(Exercise description) Look through the entries below and extract exactly the lines from the one containing "Rating: Safe Score: 0" through the one containing "Custom University Jewelry", ends included.

(Record excerpts)
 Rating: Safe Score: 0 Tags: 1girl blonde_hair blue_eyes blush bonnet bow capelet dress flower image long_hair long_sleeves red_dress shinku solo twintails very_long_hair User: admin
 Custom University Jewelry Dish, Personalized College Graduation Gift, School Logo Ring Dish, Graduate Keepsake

--

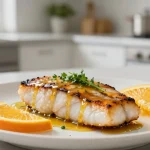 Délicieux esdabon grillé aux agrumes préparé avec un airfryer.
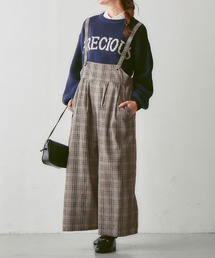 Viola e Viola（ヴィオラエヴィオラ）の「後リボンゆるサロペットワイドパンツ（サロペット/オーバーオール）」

(Exercise output)
 Rating: Safe Score: 0 Tags: 1girl blonde_hair blue_eyes blush bonnet bow capelet dress flower image long_hair long_sleeves red_dress shinku solo twintails very_long_hair User: admin
 Custom University Jewelry Dish, Personalized College Graduation Gift, School Logo Ring Dish, Graduate Keepsake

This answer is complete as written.